Rebalancers engage in what’s known as “target” or “program” investing. You set a target for how your money should be divided among stocks and bonds—for example, 60 percent stocks, 40 percent bonds. If the stock market rises so much that your stocks are now valued at 65 percent of your assets, you sell off the extra 5 percent and reinvest it in bonds. That brings you back to your 60-40 split.

It’s hard, emotionally, to sell an investment that’s going up. “Dumb,” your gut would say. But wouldn’t you like to have taken some profits in July, before the market slid 9 percent? Target investors don’t consult their gut or their guru when making a move. They just follow the program, selling high and buying low. When do you rebalance? Any time one of your asset types—U.S. stocks, international stocks, bonds and so on—grows to 5 percent more than your target allocation, or falls 5 percent below it. Like now.

Being a target player implies that you diversify your investments. For stocks, that means owning at least a broad-based U.S. fund and an international fund. Some advisers tell you to forget it—global markets are now so closely tied that their stocks rise and fall virtually in tandem.
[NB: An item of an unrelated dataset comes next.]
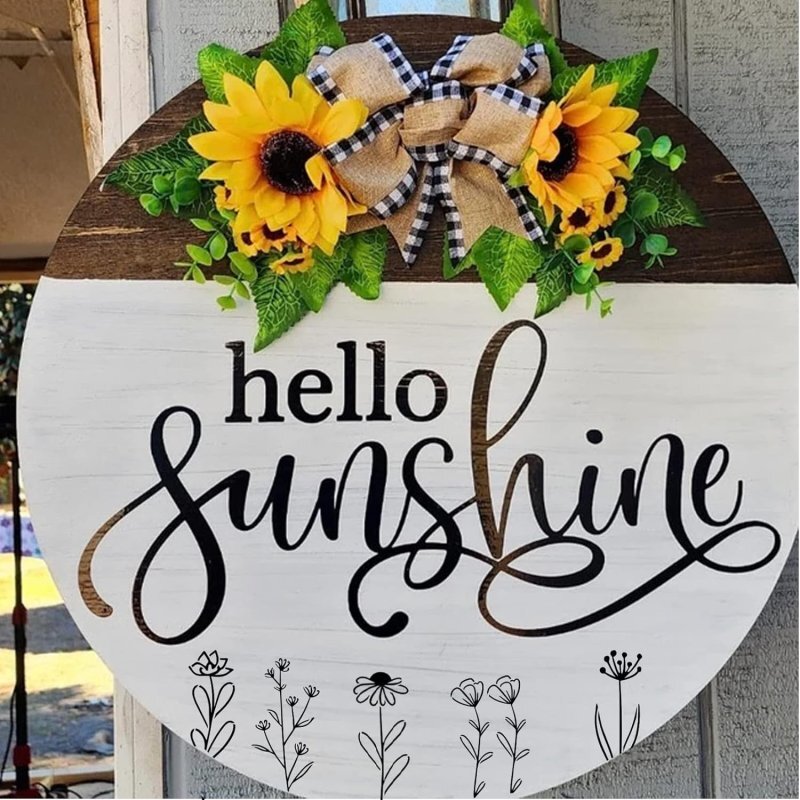 Intra απο ξύλο plywood 3mm-4mm πάχος - Hello Sunshine Sign Δίασταση 30x30 cm Intraeaxys-91j8kj8o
You might as well own U.S. stocks alone.

Wrong, says Meir Statman, finance professor at Santa Clara University in California. Diversification works even in markets that move together because they rise or fall at different rates. The U.S. and international indexes are a good example. The current estimated difference between their returns averages 6.6 percent a year. “That’s a big number,” Statman says. You can’t predict which of these markets will earn more (or lose less), so you own both.

For more evidence of the value of diversification, look at what’s happened since January 2000, when the tech bubble burst. Standard & Poor’s average of 500 leading stocks has risen just 1.63 percent a year, with dividends reinvested, Morningstar’s Mark Komissarouk reports. (Remember when everyone expected 15 percent?) A diversified portfolio of 60 percent U.S. stocks and 40 percent bonds yielded 3.7 percent. A 50-50 mix of U.S. and international stocks yielded 7.86 percent.
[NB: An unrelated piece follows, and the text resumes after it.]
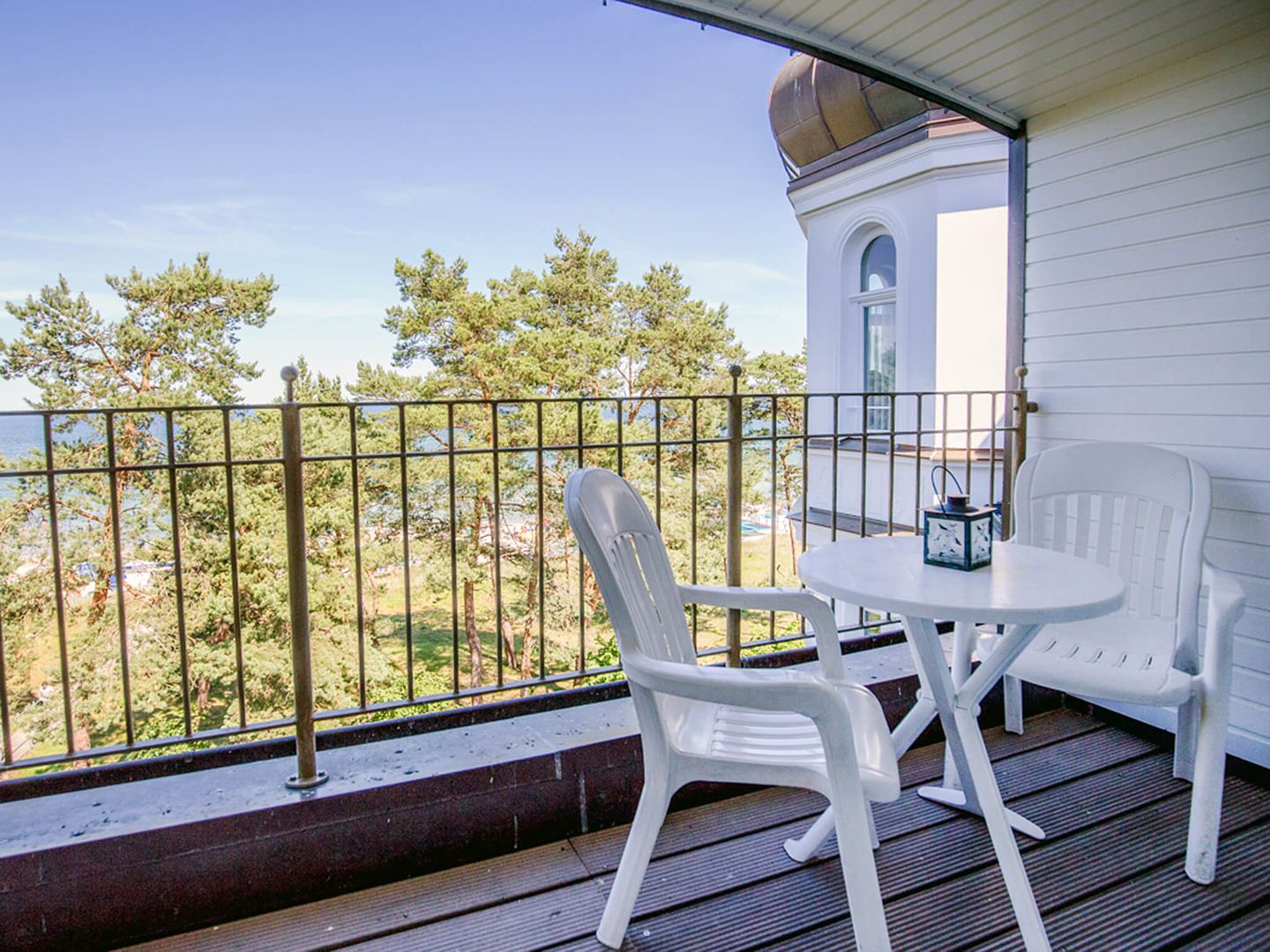 Strandvillen Binz Ferienwohnung mit Meerblick, 2 Schlafzimmern und Balkon (SV/714) Insel Rügen - Balkon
It’s probably enough to hold 30 percent of your stock investment in internationals, with 70 percent in the United States. Nearly half of the S&P companies have major sources of earnings abroad, so, combined, you’re probably 50 percent invested in foreign growth. The market has hammered real-estate investment trusts—down 10.7 percent over the past three months. Emerging markets are off 4 percent since the end of July. Both could drop further. Still, under the buy-low rule, they’re worth looking at. A reasonable allocation would be 5 percent to each.
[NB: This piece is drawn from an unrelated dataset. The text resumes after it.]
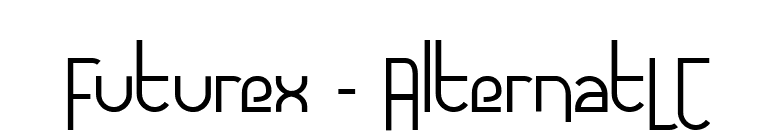Futurex - AlternatLC font preview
High-quality bond funds behaved the way they’re supposed to. They protected that portion of your money that you’ll rely on for future income. Safe Treasury funds rose. Tax exempts lost just a tad.

The easiest way to set targets and rebalance is by owning index mutual funds that track the markets you want. For brokerage customers, there are exchange-

traded funds that track these markets, too.

All of this raises the question—does the credit squeeze in housing point to a recession ahead? The consensus says probably not. Consumer spending will slow as fewer families are able to tap home equity for cash, but it won’t collapse, says Diane Swonk, chief economist for Mesirow Financial. Unemployment may rise a bit. But global growth remains strong, the service sector is healthy, manufacturing is improving, core inflation has dropped and businesses have plenty of cash. “There can be pain in the credit markets with no serious damage to the fundamental economy, as long as the pain doesn’t persist,” says Lakshman Achuthan, managing director of the Economic Cycle Research Institute.

But although the first taste of financial crisis may not be followed by recession right away, the seeds are being sown, says Allen Sinai, chief global economist for Decision Economics. Always diversified, Sinai holds U.S. stocks (although he wouldn’t touch housing stocks yet). For new money, he prefers Asia and the euro zone. “This isn’t America’s decade,” he says.

Stocks up or stocks down, target investors always have a plan. Rebalance now. If you have to do it again at lower prices, so be it. That’s a formula that works.